Here, we set the `n_estimators` hyperparameter to 100, which means the Random Forest will consist of 100 decision trees. We also set the `max_depth` hyperparameter to 10, which limits the maximum depth of each decision tree to 10 levels. Setting a maximum depth can help prevent overfitting and improve the generalization of the model.

The `random_state` parameter is set to 42 for reproducibility, ensuring that the same random initializations are used during training. You can adjust the `n_estimators`, `max_depth`, and other hyperparameters based on your specific problem and dataset. Keep in mind that tuning these hyperparameters can affect the model's performance, and it is often a good practice to perform hyperparameter tuning using techniques like grid search or random search.

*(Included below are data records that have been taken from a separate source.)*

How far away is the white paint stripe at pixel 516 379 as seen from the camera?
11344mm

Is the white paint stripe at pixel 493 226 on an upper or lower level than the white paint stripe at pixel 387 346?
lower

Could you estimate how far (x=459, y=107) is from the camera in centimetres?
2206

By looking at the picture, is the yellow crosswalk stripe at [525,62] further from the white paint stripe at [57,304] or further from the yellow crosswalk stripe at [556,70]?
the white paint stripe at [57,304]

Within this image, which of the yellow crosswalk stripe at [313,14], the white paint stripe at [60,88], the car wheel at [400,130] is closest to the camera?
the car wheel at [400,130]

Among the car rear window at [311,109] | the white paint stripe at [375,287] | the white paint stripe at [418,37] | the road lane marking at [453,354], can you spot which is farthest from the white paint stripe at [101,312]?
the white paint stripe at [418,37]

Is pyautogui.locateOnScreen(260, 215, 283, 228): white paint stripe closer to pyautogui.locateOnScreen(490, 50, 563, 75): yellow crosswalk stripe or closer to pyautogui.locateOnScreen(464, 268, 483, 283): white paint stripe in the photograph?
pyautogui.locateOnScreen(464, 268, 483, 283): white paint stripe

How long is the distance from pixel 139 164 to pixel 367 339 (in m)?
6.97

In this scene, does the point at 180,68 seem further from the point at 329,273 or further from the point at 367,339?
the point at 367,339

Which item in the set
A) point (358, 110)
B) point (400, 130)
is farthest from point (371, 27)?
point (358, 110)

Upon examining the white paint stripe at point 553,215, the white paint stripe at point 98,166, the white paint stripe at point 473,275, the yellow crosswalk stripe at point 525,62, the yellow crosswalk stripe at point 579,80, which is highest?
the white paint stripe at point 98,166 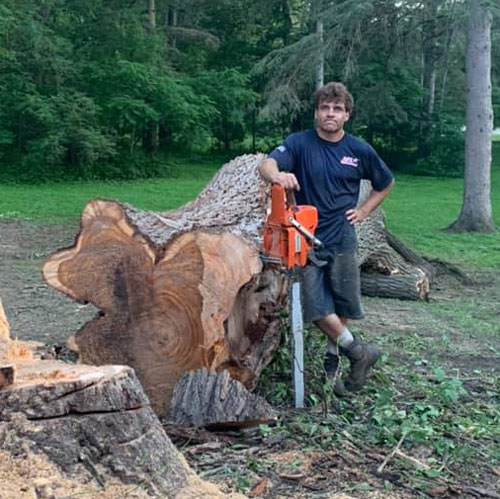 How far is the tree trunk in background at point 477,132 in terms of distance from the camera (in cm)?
1525

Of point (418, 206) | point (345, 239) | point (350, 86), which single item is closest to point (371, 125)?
point (350, 86)

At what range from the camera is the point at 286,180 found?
418 centimetres

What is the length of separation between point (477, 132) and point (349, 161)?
11.9 metres

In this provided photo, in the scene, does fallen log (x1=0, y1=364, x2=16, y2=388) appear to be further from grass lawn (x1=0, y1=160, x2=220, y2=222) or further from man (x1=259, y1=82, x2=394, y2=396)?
grass lawn (x1=0, y1=160, x2=220, y2=222)

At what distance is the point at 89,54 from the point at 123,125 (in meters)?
3.01

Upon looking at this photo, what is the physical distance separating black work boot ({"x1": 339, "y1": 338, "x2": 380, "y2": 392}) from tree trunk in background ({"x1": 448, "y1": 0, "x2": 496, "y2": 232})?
1139 centimetres

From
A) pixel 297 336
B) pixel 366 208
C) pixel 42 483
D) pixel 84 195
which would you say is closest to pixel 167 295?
pixel 297 336

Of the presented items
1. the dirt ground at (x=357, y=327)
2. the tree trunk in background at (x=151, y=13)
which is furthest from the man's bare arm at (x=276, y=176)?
the tree trunk in background at (x=151, y=13)

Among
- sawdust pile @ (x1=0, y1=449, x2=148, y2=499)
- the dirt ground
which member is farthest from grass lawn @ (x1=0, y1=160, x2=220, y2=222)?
sawdust pile @ (x1=0, y1=449, x2=148, y2=499)

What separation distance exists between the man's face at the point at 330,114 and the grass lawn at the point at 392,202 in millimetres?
7475

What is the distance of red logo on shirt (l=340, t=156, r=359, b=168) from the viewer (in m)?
4.48

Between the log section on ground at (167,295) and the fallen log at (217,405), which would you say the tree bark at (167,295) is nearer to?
the log section on ground at (167,295)

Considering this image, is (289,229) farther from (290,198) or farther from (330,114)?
(330,114)

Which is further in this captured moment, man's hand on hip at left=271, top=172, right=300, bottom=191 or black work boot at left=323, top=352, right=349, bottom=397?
black work boot at left=323, top=352, right=349, bottom=397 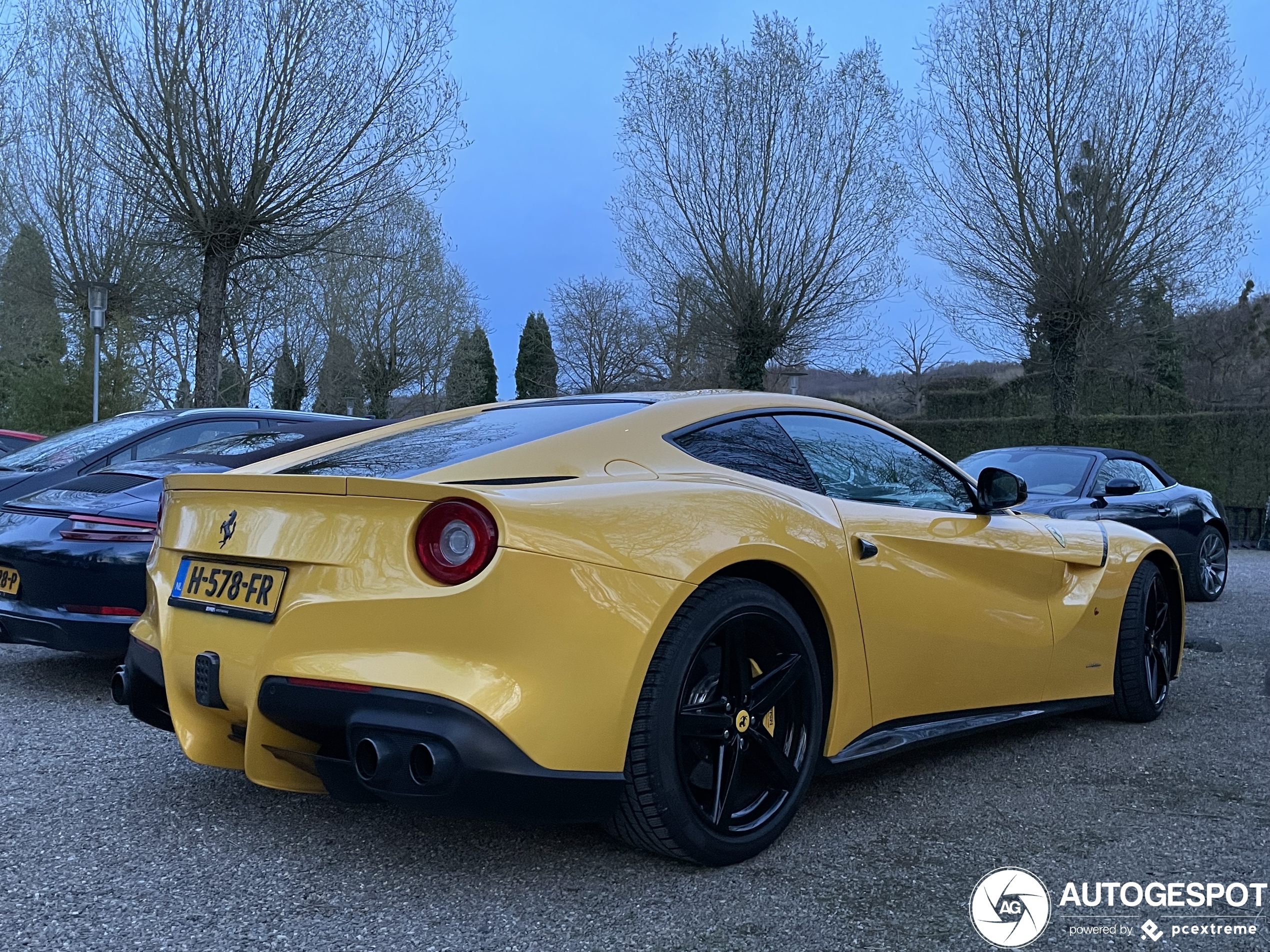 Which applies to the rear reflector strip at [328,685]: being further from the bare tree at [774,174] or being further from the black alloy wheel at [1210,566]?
the bare tree at [774,174]

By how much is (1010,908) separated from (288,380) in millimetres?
34784

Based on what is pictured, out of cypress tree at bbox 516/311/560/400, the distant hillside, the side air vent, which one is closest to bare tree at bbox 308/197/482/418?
cypress tree at bbox 516/311/560/400

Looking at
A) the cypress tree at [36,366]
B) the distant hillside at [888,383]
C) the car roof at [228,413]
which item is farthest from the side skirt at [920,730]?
the distant hillside at [888,383]

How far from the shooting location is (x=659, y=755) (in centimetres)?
254

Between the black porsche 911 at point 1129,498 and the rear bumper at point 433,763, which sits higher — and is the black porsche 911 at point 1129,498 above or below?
above

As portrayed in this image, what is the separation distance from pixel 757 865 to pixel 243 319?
92.3 ft

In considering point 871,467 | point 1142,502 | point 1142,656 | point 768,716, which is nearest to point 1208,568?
point 1142,502

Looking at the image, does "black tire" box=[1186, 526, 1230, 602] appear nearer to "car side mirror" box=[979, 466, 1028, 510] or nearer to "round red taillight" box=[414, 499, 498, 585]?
"car side mirror" box=[979, 466, 1028, 510]

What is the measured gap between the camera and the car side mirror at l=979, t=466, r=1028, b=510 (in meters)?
3.83

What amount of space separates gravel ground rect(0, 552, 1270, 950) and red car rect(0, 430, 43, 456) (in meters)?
9.53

Q4. Evaluate the performance of the model on the test set using accuracy, precision, recall, and F1 score.



ANS-4



To evaluate the performance of the Random Forest Classifier on the test set, we can use the following metrics: accuracy, precision, recall, and F1 score. We'll use the predictions made by the model on the test set and compare them to the true labels.

```python
from sklearn.metrics import accuracy_score, precision_score, recall_score, f1_score

# Predict the target labels on the test set
y_pred = rf_classifier.predict(X_test)

# Calculate accuracy
accuracy = accuracy_score(y_test, y_pred)
print("Accuracy:", accuracy)

# Calculate precision
precision = precision_score(y_test, y_pred)
print("Precision:", precision)

# Calculate recall
recall = recall_score(y_test, y_pred)
print("Recall:", recall)

# Calculate F1 score
f1 = f1_score(y_test, y_pred)
print("F1 Score:", f1)
```

Each of these metrics provides different insights into the performance of the classifier:

- **Accuracy:** The proportion of correct predictions among all predictions made by the model. It is a general measure of how well the classifier is performing overall.

- **Precision:** The proportion of true positive predictions (correctly predicted positive instances) among all positive predictions made by the model. It indicates how many of the predicted positive instances are actually positive.

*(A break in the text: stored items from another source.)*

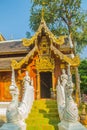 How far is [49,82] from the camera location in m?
17.8

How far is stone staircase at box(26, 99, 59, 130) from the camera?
1041 cm

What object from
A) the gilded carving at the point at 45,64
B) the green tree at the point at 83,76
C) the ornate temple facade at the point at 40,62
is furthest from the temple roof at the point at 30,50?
the green tree at the point at 83,76

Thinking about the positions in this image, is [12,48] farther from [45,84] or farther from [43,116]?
[43,116]

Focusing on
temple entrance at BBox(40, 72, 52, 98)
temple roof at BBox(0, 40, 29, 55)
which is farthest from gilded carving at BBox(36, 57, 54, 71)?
temple roof at BBox(0, 40, 29, 55)

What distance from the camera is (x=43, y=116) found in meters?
11.7

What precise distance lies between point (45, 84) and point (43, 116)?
601cm

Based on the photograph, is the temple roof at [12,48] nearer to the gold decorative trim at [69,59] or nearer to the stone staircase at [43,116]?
the gold decorative trim at [69,59]

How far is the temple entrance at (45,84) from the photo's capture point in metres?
17.5

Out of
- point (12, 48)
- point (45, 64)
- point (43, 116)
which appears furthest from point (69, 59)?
point (12, 48)

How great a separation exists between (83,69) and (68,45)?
37.2 ft

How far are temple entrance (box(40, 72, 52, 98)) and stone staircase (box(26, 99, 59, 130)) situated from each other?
360 cm

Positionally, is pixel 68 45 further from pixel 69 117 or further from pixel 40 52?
pixel 69 117

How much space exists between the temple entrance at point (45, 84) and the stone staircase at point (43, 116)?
360 centimetres

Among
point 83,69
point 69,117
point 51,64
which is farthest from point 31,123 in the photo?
point 83,69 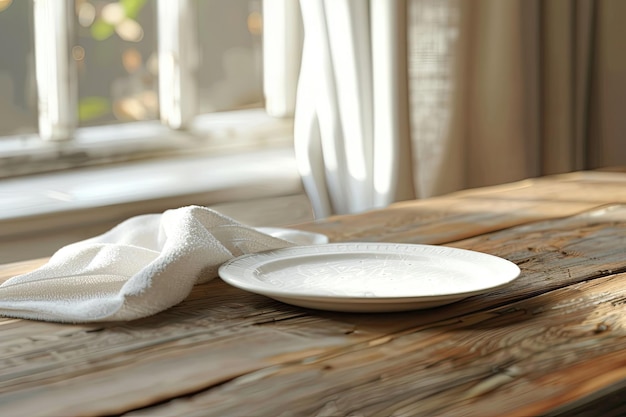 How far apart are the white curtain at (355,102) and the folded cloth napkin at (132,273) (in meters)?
1.14

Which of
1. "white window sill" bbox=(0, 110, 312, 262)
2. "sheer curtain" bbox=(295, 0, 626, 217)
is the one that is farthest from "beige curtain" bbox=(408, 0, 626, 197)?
"white window sill" bbox=(0, 110, 312, 262)

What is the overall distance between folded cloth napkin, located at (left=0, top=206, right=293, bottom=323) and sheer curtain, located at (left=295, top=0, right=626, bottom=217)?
116 cm

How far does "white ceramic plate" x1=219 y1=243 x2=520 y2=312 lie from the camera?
87 cm

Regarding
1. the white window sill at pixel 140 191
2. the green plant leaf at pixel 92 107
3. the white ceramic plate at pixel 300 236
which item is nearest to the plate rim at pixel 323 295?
the white ceramic plate at pixel 300 236

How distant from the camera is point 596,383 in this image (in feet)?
2.38

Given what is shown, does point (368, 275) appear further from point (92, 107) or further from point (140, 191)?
point (92, 107)

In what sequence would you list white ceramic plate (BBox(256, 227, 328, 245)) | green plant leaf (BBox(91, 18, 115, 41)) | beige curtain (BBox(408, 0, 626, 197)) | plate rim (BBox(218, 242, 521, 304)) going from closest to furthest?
plate rim (BBox(218, 242, 521, 304)), white ceramic plate (BBox(256, 227, 328, 245)), green plant leaf (BBox(91, 18, 115, 41)), beige curtain (BBox(408, 0, 626, 197))

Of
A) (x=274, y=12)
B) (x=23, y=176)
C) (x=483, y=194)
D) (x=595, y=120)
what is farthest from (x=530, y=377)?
(x=595, y=120)

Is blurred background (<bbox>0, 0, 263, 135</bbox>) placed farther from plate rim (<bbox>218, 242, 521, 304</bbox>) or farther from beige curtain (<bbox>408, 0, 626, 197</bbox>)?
plate rim (<bbox>218, 242, 521, 304</bbox>)

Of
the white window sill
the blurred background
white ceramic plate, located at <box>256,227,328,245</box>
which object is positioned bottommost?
the white window sill

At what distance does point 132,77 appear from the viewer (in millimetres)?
2232

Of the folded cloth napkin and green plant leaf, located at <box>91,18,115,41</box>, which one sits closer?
the folded cloth napkin

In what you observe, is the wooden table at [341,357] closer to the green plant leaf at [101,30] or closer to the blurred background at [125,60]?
the blurred background at [125,60]

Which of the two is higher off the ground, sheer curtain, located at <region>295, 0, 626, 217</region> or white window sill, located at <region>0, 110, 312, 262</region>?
sheer curtain, located at <region>295, 0, 626, 217</region> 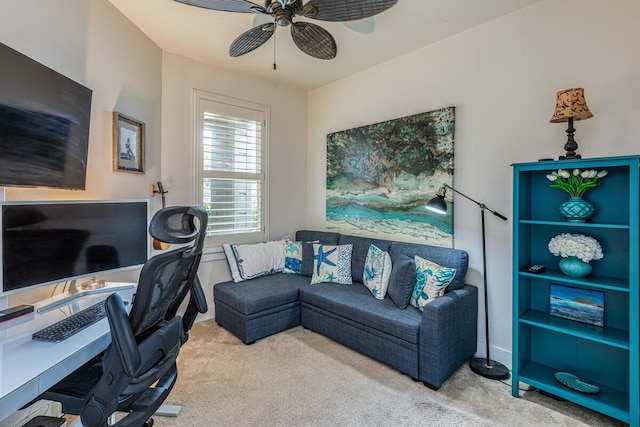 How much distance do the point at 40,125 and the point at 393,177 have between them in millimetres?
2733

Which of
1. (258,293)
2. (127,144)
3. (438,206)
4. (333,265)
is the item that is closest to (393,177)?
(438,206)

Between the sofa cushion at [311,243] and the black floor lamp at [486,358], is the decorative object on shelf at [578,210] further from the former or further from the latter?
the sofa cushion at [311,243]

- **Recall:** Also known as sensitivity or true positive rate, it is the proportion of true positive predictions among all actual positive instances. It measures the ability of the model to correctly identify positive instances.

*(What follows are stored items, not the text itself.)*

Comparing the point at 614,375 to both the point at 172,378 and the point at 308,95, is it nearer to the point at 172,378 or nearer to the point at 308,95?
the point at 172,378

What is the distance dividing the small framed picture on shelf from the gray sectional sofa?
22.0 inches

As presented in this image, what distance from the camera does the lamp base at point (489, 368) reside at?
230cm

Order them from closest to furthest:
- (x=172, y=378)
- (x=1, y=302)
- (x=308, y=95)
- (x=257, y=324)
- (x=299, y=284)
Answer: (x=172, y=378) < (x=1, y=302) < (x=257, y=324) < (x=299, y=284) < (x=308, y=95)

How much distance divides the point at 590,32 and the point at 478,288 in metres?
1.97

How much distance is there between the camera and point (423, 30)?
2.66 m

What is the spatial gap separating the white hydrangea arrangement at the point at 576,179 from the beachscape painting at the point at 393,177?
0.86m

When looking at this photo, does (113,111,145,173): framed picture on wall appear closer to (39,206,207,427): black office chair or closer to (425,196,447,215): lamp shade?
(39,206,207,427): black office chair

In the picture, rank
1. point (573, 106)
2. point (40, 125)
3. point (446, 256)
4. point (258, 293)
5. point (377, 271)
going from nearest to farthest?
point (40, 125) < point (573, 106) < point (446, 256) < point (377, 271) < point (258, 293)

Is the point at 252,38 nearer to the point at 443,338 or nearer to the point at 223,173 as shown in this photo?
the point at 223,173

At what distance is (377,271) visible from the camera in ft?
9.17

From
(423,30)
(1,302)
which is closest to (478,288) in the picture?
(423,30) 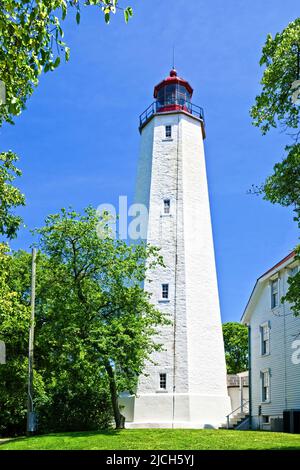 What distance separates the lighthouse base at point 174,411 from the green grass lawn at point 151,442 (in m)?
5.68

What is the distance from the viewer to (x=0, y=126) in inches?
346

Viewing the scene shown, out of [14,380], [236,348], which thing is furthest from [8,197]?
[236,348]

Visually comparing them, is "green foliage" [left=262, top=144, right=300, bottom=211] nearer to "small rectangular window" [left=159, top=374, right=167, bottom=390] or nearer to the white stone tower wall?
the white stone tower wall

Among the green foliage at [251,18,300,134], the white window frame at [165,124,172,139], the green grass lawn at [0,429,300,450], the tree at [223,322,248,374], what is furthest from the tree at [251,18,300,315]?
the tree at [223,322,248,374]

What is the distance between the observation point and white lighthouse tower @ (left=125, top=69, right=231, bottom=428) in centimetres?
2561

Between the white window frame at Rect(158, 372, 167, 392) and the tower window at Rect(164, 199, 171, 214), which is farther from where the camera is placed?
the tower window at Rect(164, 199, 171, 214)

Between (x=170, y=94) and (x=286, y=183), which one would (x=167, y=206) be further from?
(x=286, y=183)

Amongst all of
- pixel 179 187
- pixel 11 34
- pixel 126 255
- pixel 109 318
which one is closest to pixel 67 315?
pixel 109 318

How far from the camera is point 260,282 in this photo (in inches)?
1025

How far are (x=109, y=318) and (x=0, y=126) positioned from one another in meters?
14.0

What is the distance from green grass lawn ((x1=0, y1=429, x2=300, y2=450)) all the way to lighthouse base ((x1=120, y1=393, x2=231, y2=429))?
223 inches

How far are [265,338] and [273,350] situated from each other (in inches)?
57.6

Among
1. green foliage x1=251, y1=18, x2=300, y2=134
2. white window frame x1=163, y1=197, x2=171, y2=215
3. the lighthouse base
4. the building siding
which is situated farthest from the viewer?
white window frame x1=163, y1=197, x2=171, y2=215

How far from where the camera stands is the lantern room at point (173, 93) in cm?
3231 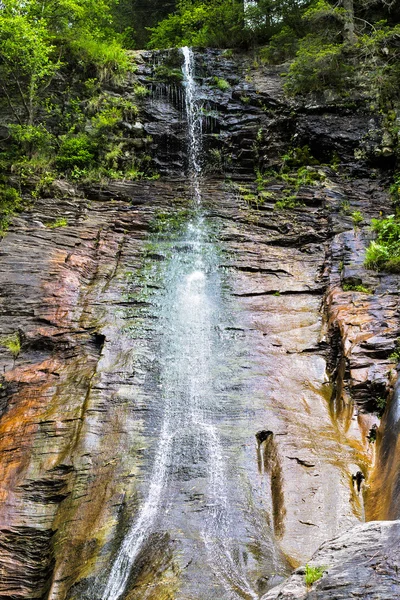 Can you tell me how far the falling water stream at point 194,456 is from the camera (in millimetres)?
6336

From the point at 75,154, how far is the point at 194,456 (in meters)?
11.5

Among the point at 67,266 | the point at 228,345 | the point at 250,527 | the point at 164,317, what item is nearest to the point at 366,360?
the point at 228,345

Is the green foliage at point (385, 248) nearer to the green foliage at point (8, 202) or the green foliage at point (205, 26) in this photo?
the green foliage at point (8, 202)

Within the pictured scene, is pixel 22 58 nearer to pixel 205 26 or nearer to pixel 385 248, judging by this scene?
pixel 205 26

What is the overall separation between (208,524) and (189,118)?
1476cm

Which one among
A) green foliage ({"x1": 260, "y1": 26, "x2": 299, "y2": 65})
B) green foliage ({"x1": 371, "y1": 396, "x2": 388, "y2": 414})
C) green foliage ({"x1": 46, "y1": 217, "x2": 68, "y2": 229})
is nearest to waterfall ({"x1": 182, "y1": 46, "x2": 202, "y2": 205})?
green foliage ({"x1": 260, "y1": 26, "x2": 299, "y2": 65})

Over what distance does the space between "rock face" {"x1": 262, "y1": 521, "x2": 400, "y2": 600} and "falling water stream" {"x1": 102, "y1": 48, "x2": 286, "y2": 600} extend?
6.53 ft

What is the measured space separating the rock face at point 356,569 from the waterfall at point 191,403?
1.98 m

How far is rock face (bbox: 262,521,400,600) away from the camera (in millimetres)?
3533

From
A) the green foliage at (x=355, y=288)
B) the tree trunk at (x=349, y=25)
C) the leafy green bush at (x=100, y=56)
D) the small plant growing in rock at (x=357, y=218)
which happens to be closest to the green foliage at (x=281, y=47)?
the tree trunk at (x=349, y=25)

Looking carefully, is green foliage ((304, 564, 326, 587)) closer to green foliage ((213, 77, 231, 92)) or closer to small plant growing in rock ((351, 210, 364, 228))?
small plant growing in rock ((351, 210, 364, 228))

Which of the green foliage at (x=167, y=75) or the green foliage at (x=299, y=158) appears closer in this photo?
the green foliage at (x=299, y=158)

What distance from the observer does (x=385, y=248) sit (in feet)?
38.6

- **F1 Score:** The harmonic mean of precision and recall. It provides a balance between precision and recall and is particularly useful when the class distribution is imbalanced.

Remember that the interpretation of these metrics depends on the specific problem and the importance of false positives and false negatives in your application. For example, in medical diagnostics, recall (sensitivity) may be more critical than precision (specificity) to minimize false negatives and ensure that all positive cases are correctly identified, even if it leads to more false positives.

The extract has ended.